What needs to be done
Using the data that follows, say how many lines contain the word "with", giving the number by itself.

*** Opening Input ***

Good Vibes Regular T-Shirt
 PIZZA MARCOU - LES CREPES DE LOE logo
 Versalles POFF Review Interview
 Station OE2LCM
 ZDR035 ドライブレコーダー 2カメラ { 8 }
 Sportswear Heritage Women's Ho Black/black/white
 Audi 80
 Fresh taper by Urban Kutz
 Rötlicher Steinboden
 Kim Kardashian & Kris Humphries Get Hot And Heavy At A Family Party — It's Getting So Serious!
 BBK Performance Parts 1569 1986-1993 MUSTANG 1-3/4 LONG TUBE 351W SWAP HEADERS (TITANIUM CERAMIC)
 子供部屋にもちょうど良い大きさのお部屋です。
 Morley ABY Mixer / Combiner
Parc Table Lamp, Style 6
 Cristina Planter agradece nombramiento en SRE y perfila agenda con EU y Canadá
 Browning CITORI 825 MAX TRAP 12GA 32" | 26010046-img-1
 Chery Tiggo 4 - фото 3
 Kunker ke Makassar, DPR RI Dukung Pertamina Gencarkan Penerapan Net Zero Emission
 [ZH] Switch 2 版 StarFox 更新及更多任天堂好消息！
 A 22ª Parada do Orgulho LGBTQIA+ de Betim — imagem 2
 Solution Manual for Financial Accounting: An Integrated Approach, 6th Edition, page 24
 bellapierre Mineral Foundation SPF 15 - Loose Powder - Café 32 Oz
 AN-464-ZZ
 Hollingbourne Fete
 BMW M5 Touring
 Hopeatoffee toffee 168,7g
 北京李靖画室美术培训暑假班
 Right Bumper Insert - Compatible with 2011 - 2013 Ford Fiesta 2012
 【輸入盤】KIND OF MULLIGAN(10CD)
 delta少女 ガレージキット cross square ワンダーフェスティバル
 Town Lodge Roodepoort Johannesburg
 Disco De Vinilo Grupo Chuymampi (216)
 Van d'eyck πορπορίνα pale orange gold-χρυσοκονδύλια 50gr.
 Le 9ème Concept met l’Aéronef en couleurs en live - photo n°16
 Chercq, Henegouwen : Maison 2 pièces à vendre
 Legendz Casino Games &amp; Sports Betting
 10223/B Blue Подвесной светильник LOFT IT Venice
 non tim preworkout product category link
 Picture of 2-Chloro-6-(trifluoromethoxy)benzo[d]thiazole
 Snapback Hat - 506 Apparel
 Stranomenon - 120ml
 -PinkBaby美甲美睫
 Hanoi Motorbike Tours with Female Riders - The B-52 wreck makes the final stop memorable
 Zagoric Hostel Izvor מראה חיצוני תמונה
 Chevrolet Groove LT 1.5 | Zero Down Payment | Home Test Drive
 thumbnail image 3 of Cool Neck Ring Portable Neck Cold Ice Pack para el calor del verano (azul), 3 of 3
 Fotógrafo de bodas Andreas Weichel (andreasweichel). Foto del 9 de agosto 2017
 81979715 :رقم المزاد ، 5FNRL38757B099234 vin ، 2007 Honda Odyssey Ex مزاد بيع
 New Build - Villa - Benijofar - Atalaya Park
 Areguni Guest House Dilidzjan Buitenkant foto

*** Closing Input ***

Task response
2